§ WHAT THE TASK REQUIRES
The required answer is the run of lines from the one holding "Fallbrook - Land" to the end of the data below, copied exactly and free of pictures.

§ DATASET EXCERPT

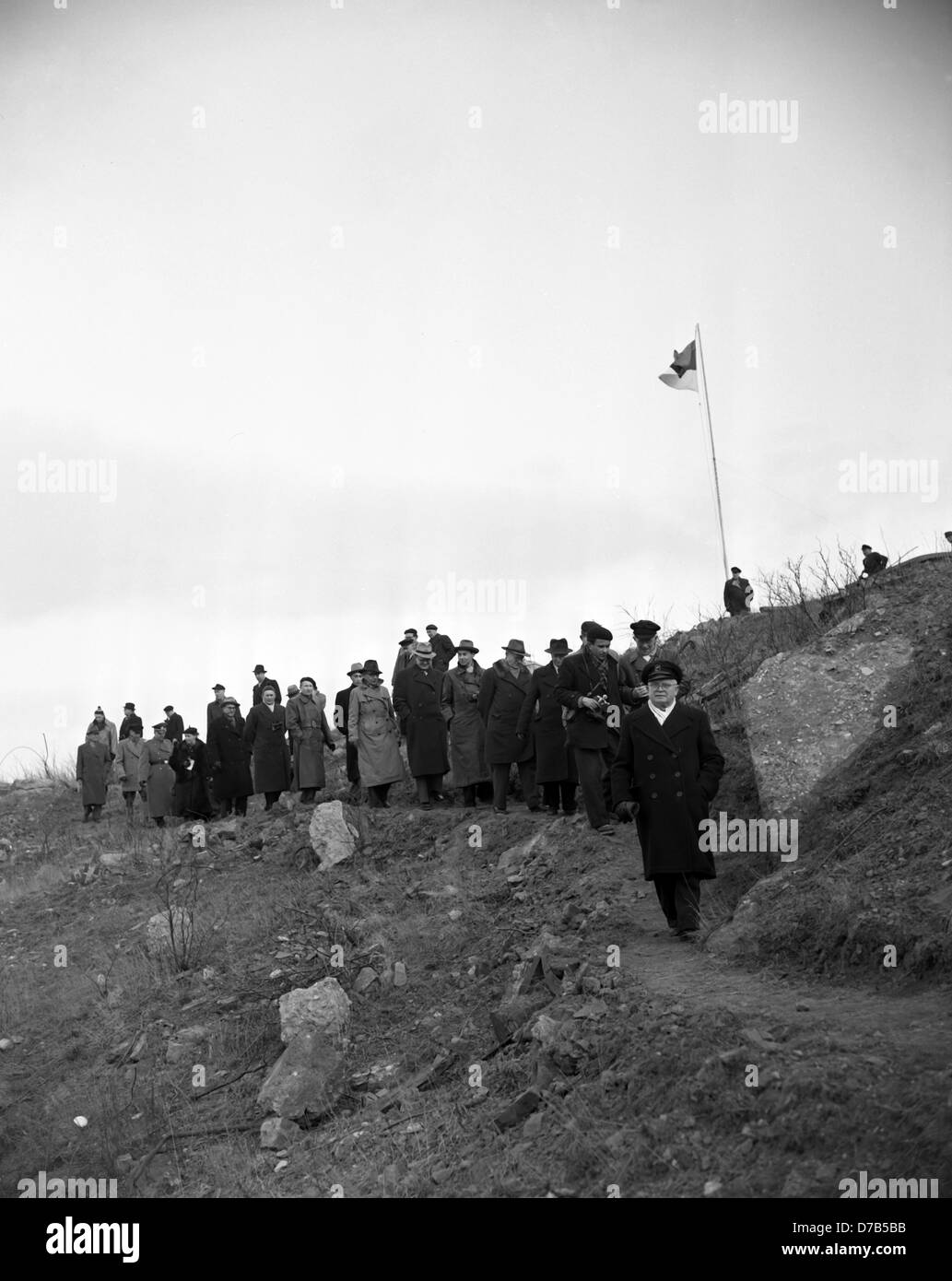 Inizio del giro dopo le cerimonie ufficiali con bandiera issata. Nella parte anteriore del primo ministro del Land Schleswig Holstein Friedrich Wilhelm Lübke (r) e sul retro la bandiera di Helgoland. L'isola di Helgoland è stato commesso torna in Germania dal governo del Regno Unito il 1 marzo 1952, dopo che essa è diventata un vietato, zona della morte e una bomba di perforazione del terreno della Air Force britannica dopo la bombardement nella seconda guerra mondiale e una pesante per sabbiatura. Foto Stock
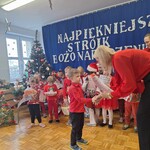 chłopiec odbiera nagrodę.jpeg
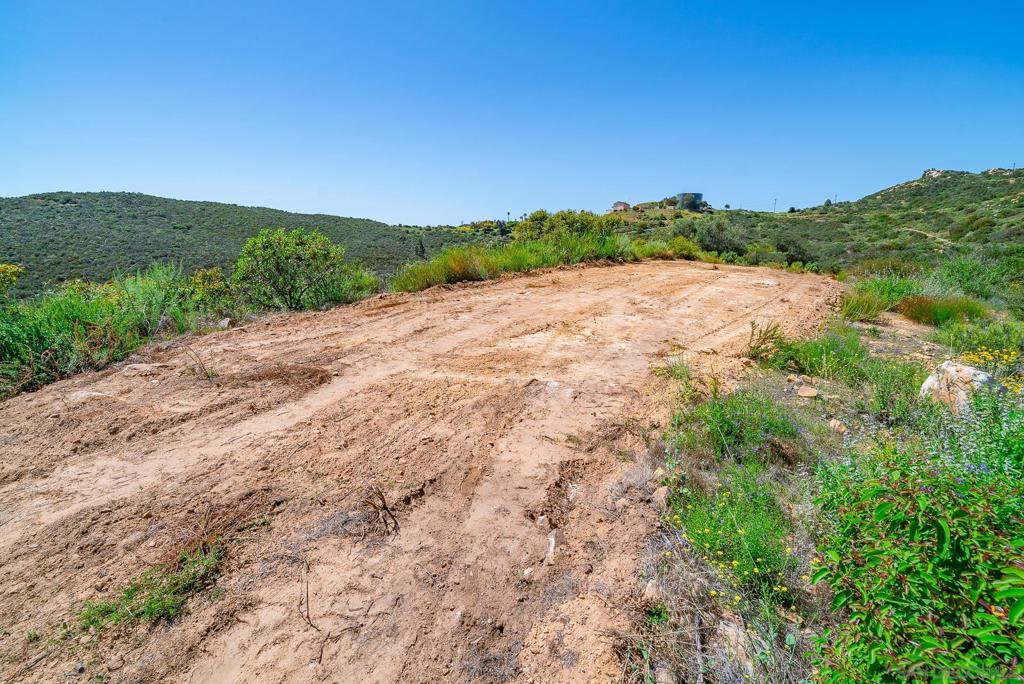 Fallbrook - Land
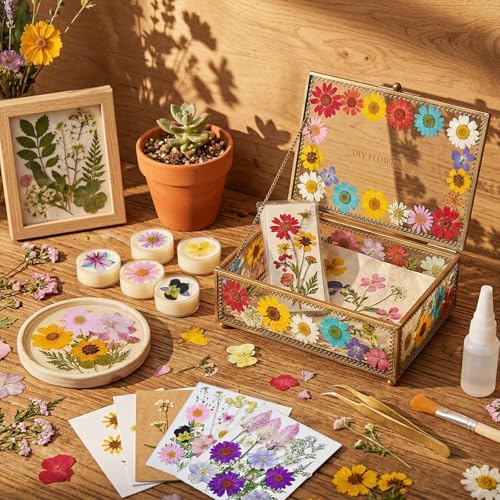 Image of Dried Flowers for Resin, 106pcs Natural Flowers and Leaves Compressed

§ SOLUTION TO THE PROBLEM
 Fallbrook - Land
 Image of Dried Flowers for Resin, 106pcs Natural Flowers and Leaves Compressed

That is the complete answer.